FAA Highlights Runway Collision Risks

New guidance warns the highest risk for incursions occurs in the first two-thirds of an active runway.


In a new Safety Alert for Operators (SAFO 17012,High Collision Risk During Runway Crossing), the FAA in November warned pilots of the risks associated with runway incursions and that their risk is highest in the first two-thirds of the runway. Additionally, the SAFO highlighted new guidance to be added to FAA Order JO 7110.65,Air Traffic Control, the primary reference for air traffic controllers. The FAA’s SAFO also made numerous recommendations to pilots, controllers and vehicle operators. The sidebar below describes the two type of runway incursions with which the FAA is primarily concerned and the results of a three-year study of data gleaned from the Airport Surveillance Detection Equipment Model X (ASDE-X) in operation at numerous large airports in the U.S.

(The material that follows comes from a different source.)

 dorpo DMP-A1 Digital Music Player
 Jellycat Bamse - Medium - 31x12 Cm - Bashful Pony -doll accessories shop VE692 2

According to the SAFO, the following paragraph will be added to the ATC Order: “Crossing of active runway(s) by aircraft/vehicle(s): 1. During departure operations, ensure that aircraft/vehicles intending to cross a runway do not cross the runway holding position markings until the controller visually observes the departure aircraft in a turn, or the departure aircraft has passed the point where the crossing aircraft/vehicle is located, regardless of altitude, unless authorized in FAA Order JO 7110.65, 3-10-10, Altitude Restricted Low Approach.”

The SAFO also made specific recommendations to pilots in avoiding runway incursions. They include:

• Actively listen to Air Traffic Control (ATC);

• Maintain high awareness of runway hold lines;

• Remain clear of the runway hold lines unless you are certain you have received a clearance to cross the runway, line up and wait (LUAW) or take off;

• Ensure there is no aircraft that could overfly your aircraft and that the runway is completely clear before entering it for takeoff; and

• After receiving a LUAW clearance, expect a communication from ATC within 90 seconds. (Reference AC 120-74(7)(c)(9) and AC 91-73, Appendix 3).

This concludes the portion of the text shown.